Maine politicians applaud last-minute rider granting lobstermen regulatory reprieve
The U.S. state of Maine’s entire congressional delegation and the state’s governor applauded a late rider on the federal omnibus funding budget that will give lobstermen in the U.S. a six-year reprieve from economically restrictive rules related to preserving the remaining population of critically endangered North Atlantic right whales.
U.S. senators Angus King and Susan Collins, and U.S. representatives Chellie Pingree and Jared Golden – along with Maine Governor Janet Mills – held a press conference on Wednesday, 21 December, to share the scope of the new rider. In addition to a six-year reprieve on stricter gear standards and harvest rules, the rider also allows for up to USD 50 million (EUR 47 million) in funding for research related to right whales and new gear for lobstermen.

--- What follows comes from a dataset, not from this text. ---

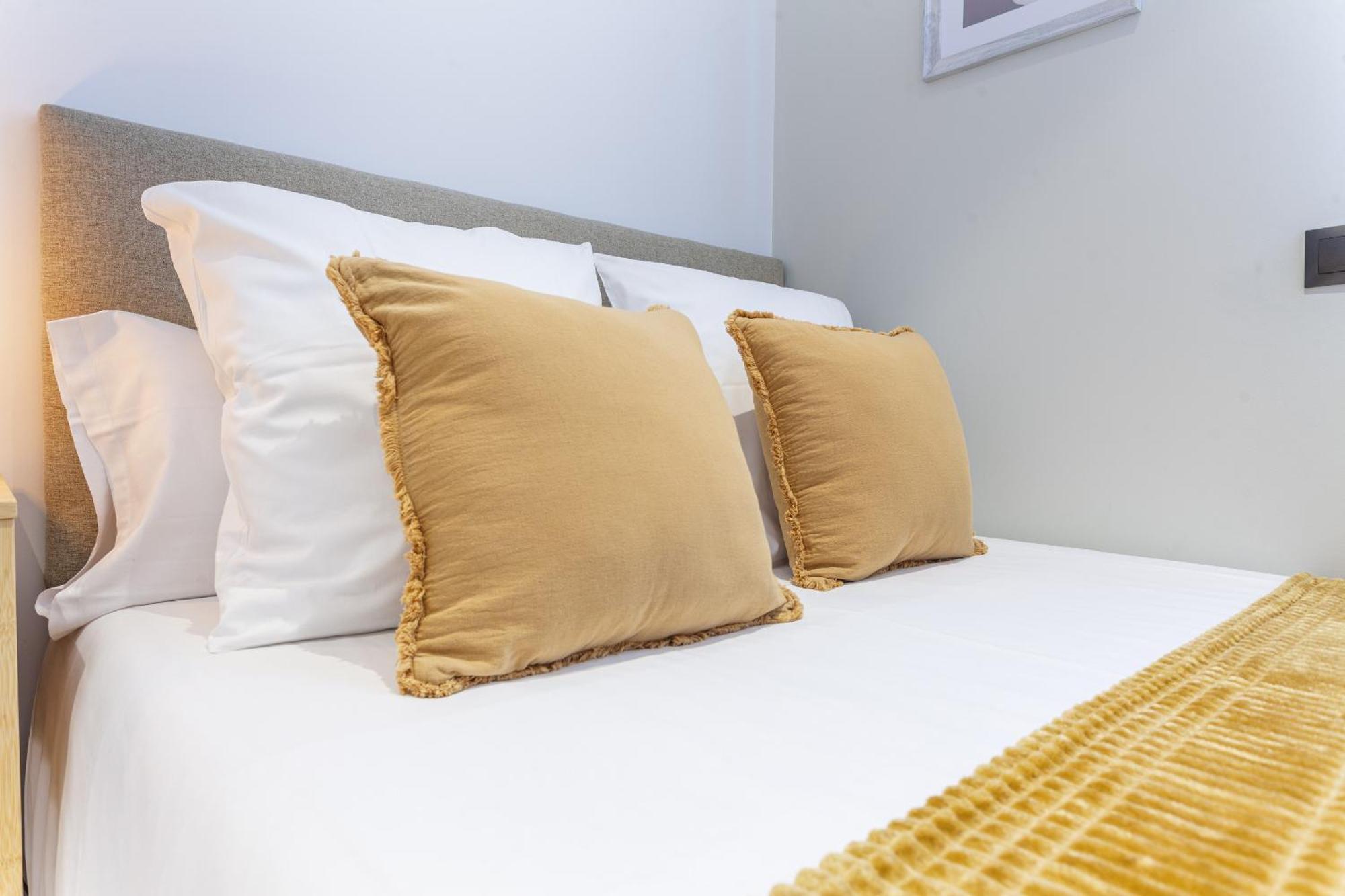 Apartament Luces En Madryt Zewnętrze zdjęcie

The rider is a part of the federal omnibus funding budget that is expected to be approved before the end of 2022.
“Without this provision, it is no exaggeration to say that Maine’s lobster fishery could be facing a complete shutdown,” Mills said. “I strongly strongly urge Congress to pass the omnibus bill.”
According to the state’s congressional delegation, the new rider took intense work over the last month in a bipartisan effort to head off new rules.

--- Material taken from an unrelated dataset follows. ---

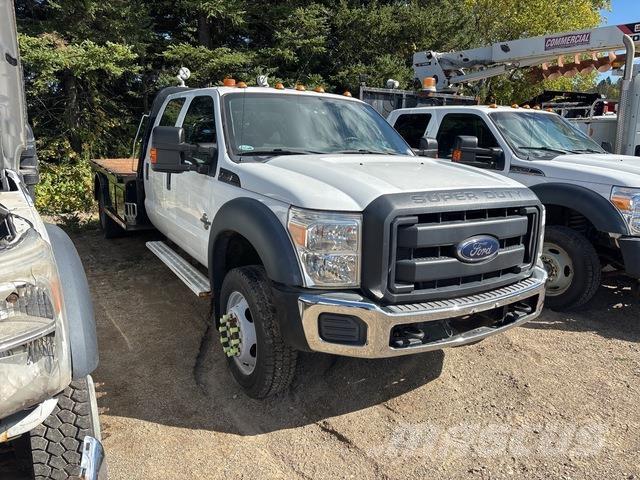 Ford F550 Camioane platforma/prelata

“I think it should be understood what an achievement this is, to work out a position of this complexity in a short time,” King said.
Collins, who has represented Maine in the U.S. Congress for over 25 years, said she has “never seen” the Maine delegation and governor more united on any issue. She said NOAA's regulatory agenda related to right whale preservation oversteps its legal mandate.
“I’ve never seen a worse case of regulatory overreach to address a problem and blame an industry that is not at all responsible for a problem,” she said.
King concurred with Collins, and said representatives of Maine's lobster industry were integral in enabling a quick turnaround on the new provisions.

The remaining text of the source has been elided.